Looking at the confusion matrix, the random forest model’s accuracy was 0.792%, precision was 0.585%, and recall was 0.522%. The precision for predicting actual default cases correctly was 0.585%. Overall, the random forest model was slightly better in its accuracy and much better for its precision. However, the logistic regression model performed better than the random forest model when predicting actual default cases, as evidenced by the recall and default precision values.
Conclusion
In this project, logistic regression and random forest models were created to predict if an individual would default on their credit card.
First, the data was cleaned for accuracy and manipulated to view distributions and trends in the data. From the tables and plots created, the data had more females than males and was skewed in age, with participants below the age of 40 much more prevalent than participants over the age of 40.
Next, prediction models were created to predict an individual’s chances of defaulting on their credit card. The first model used was a logistic regression model. This model was used to predict if an individual would default on their credit card based on their information. This model is great for predicting a Yes/No classification for individuals. From the model created, three individuals were created with their unique information. In the example above, all three individuals created had a good chance of not defaulting on their credit card.

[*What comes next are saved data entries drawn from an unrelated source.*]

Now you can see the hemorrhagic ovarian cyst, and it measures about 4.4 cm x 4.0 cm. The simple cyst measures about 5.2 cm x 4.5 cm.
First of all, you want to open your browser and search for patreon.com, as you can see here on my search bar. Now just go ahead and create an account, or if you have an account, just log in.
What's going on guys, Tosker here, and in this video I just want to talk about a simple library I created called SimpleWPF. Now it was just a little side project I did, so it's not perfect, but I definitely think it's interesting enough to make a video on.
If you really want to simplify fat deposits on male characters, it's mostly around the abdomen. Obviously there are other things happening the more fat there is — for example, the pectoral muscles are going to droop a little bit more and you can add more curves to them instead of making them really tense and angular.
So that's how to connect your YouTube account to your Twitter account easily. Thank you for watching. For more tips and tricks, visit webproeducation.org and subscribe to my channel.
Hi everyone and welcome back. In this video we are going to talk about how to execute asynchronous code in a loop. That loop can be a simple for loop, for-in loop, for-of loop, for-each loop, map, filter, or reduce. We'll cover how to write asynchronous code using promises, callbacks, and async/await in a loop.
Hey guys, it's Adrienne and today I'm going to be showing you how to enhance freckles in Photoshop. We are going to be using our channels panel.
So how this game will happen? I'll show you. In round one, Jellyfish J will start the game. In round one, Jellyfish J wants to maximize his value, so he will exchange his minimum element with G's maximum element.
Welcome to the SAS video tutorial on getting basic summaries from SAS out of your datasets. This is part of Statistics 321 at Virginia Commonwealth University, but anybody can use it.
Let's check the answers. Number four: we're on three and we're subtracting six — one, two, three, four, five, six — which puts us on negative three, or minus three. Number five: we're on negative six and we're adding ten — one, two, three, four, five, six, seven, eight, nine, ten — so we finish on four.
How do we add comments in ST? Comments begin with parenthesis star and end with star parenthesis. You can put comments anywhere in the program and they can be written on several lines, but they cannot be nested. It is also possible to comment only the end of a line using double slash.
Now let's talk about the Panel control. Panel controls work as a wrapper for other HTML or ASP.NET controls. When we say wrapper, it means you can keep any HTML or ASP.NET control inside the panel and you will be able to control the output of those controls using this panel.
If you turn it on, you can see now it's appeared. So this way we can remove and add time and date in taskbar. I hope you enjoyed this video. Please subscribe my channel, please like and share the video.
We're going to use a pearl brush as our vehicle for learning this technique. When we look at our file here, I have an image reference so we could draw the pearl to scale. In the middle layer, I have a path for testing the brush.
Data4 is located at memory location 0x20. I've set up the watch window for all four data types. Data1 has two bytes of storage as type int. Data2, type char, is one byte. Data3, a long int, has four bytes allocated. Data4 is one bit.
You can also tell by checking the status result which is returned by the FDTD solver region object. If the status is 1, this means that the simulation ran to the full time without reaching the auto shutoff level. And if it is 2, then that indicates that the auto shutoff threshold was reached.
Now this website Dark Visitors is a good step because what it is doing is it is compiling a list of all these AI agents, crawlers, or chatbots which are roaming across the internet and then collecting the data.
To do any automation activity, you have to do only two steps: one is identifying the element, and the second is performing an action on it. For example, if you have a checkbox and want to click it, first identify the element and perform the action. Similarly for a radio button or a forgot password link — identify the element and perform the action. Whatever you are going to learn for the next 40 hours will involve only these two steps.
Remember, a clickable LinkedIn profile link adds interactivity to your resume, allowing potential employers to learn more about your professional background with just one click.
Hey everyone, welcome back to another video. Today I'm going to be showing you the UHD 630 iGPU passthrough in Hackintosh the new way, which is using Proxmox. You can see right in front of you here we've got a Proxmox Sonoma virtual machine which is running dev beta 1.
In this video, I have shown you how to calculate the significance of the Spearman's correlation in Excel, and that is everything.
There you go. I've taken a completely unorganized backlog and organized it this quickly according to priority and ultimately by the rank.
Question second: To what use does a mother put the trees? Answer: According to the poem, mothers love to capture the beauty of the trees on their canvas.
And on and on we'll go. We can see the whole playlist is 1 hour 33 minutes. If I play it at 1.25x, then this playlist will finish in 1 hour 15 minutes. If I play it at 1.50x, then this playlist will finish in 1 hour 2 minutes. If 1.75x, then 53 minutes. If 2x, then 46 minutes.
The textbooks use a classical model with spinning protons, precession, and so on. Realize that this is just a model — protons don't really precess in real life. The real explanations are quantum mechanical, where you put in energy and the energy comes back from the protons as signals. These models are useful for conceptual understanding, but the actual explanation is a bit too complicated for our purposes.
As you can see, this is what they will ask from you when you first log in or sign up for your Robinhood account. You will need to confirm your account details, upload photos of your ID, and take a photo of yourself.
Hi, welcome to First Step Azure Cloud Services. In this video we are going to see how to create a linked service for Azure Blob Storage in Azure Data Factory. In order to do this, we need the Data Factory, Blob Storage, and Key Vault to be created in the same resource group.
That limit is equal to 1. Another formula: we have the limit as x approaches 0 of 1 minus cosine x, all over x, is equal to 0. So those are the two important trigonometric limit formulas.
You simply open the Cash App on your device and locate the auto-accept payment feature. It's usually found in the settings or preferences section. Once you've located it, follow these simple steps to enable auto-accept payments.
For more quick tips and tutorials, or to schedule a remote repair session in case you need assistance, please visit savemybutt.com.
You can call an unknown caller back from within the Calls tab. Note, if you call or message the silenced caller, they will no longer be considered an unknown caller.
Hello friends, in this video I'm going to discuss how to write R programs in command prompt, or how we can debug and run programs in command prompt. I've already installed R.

A random forest model was also created to determine the most important variables in a prediction model, as well as to see the accuracy of the created model. From the results, the random forest model could accurately predict someone not defaulting on their credit card, but had a more difficult time accurately predicting when someone would default on their credit card.
When comparing the two models, the following table was created:
set.caption("Performance for Logistic Regression and Random Forest Models")
data.table = rbind(c(log_accuracy_opt, log_precision_opt, log_recall_opt, log_pos_precision_opt), c(rf_accuracy, rf_precision, rf_recall, rf_pos_precision))
colnames(data.table) = c("Accuracy", "Precision", "Recall", "Default Precision")
rownames(data.table) = c("Logistic Regression", "Random Forest")
pander(data.table)| Accuracy | Precision | Recall | Default Precision | |
|---|---|---|---|---|
| Logistic Regression | 0.8114 | 0.1982 | 0.7701 | 0.9834 |
| Random Forest | 0.7918 | 0.5854 | 0.522 | 0.5854 |
Overall, it seems the logistic regression model has a higher recall and default precision rate than the random forest model, but does worse than the random forest model in accuracy and precision. This means the logistic regression model has less false negatives than the random forest model, but also has more false positives. Though the accuracy seems fairly high for the random forest prediction model, I am concerned with the false negative rates and the low default precision percentage.
Though these prediction models are acceptable, there is room for improvement, particularly in accurately predicting client that will default. I believe adding certain variables such as credit score, credit age, and credit card utilization can help improve the prediction models.
Thank you for viewing my project.